Hornbuckle Mitchell senior executive David White has attacked rival Sipp providers who have criticised the FSA’s proposed method for increasing capital adequacy requirements.
In November, the regulator published a series of changes to Sipp capital requirements designed to provide greater protection for investors.
One of the FSA’s proposals would see a firm’s capital requirement linked to assets under administration rather than expenditure.
In its response, Sipp trade body the Association of Member-directed Pension Schemes warned the proposal may fail to provide adequate protection to consumers.
Hornbuckle senior executive White accuses providers of being “self-serving” in their opposition to the reforms.
White says: “Some of the push back from the Sipp market has been very disappointing and looks self-serving, rather than focusing on what the regulator is trying to achieve.

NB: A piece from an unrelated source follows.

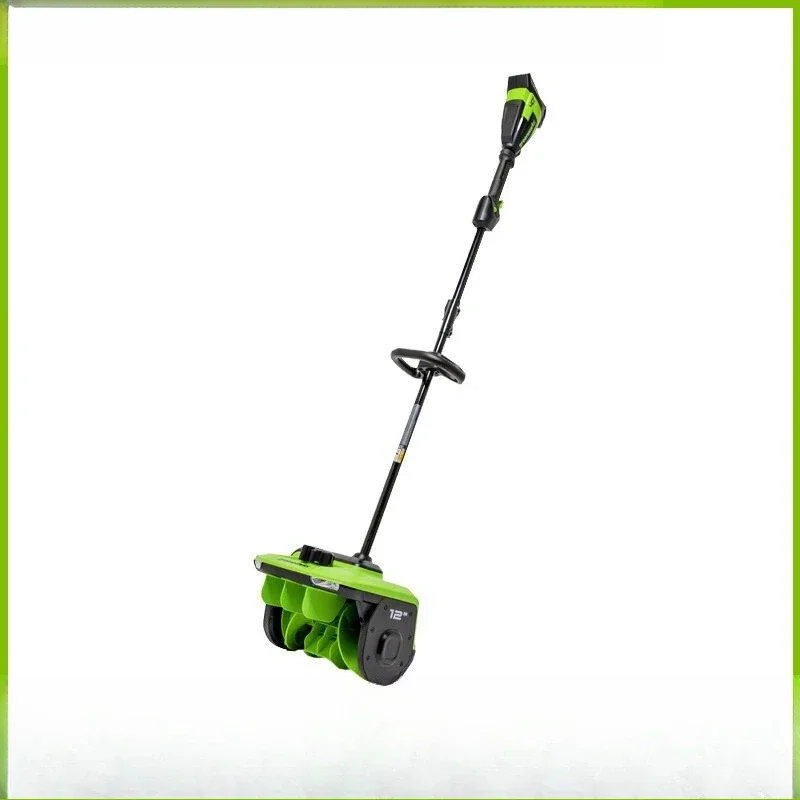 Snow thrower, handheld lithium battery snow plow, rechargeable snow shovel 40V/82V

“Given the regulator’s concern is around liquidity, then linking capital requirements to assets under administration is the right approach.”
Amps chairman Andrew Roberts says: “The choice of using AUA as the key metric rather than expenditure or number of Sipps has practical issues and the clear danger that the capital requirement could fall when consumers need to rely on it the most.
“Our alternative of using the number of Sipps as the key metric would result in a higher requirement for some operators than the FSA’s proposal, demonstrating that the thought process Amps used had the consumer at heart.”